● Work instructions:
Retype the listing exactly as it stands, and keep every image out.

Recorded information Block Start

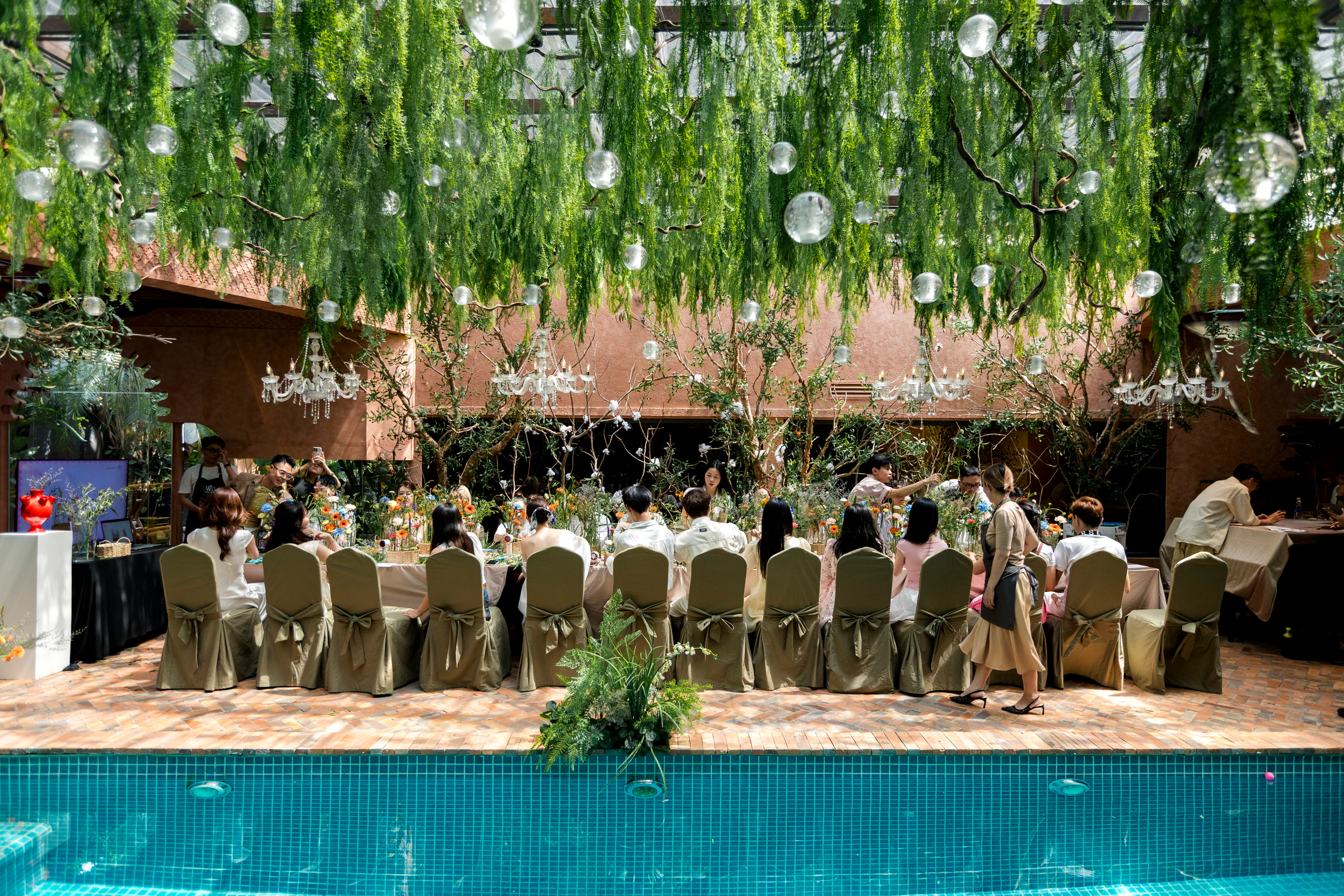 Hoạt động workshop hoa WD Florist Vietnam 3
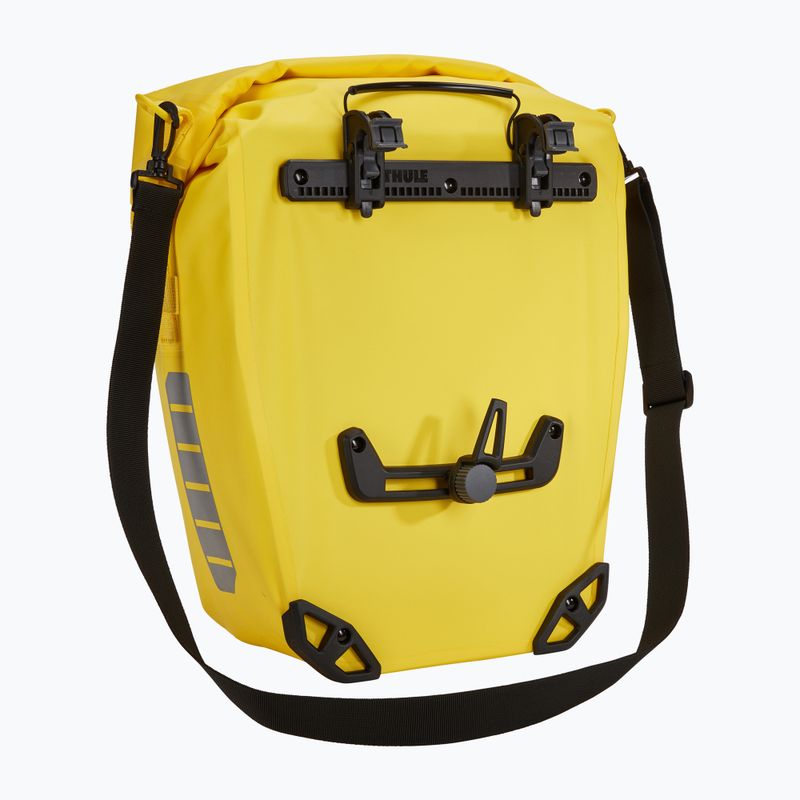 Fahrradtaschen Thule Shield Pannier 2 x 25 l yellow 5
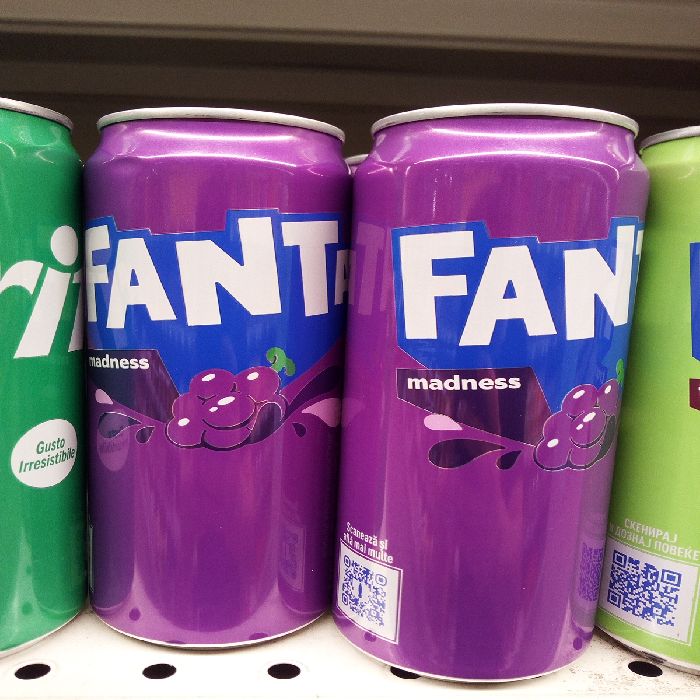 FANTA UVA LATT. 330ML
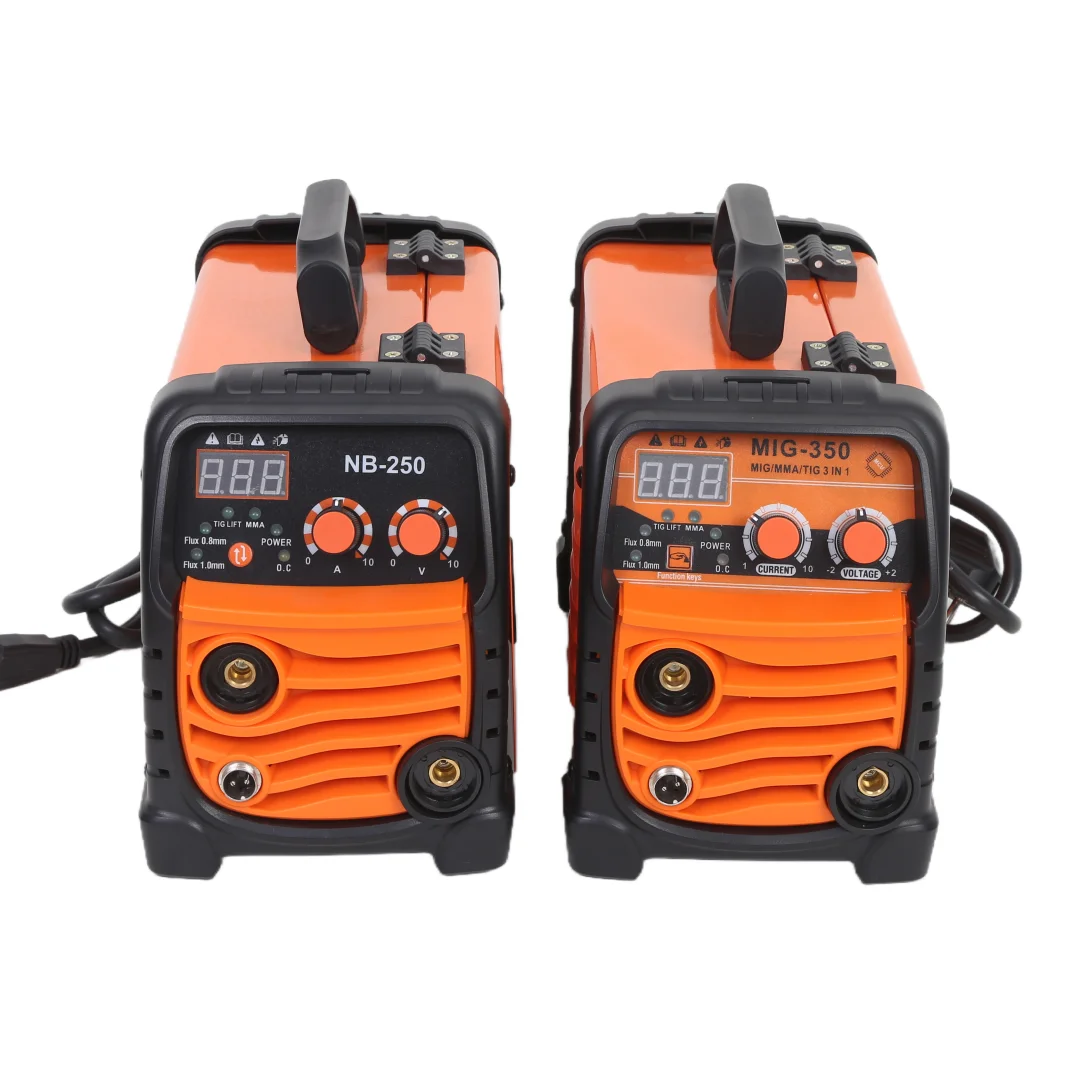 آلة لحام MIG-350 من الدرجة الاحترافية المدمجة بمكونات ممتازة لمتانة فائقة على الصفائح المعدنية المختلفة #4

Recorded information Block End

● Reply:
 Hoạt động workshop hoa WD Florist Vietnam 3
 Fahrradtaschen Thule Shield Pannier 2 x 25 l yellow 5
 FANTA UVA LATT. 330ML
 آلة لحام MIG-350 من الدرجة الاحترافية المدمجة بمكونات ممتازة لمتانة فائقة على الصفائح المعدنية المختلفة #4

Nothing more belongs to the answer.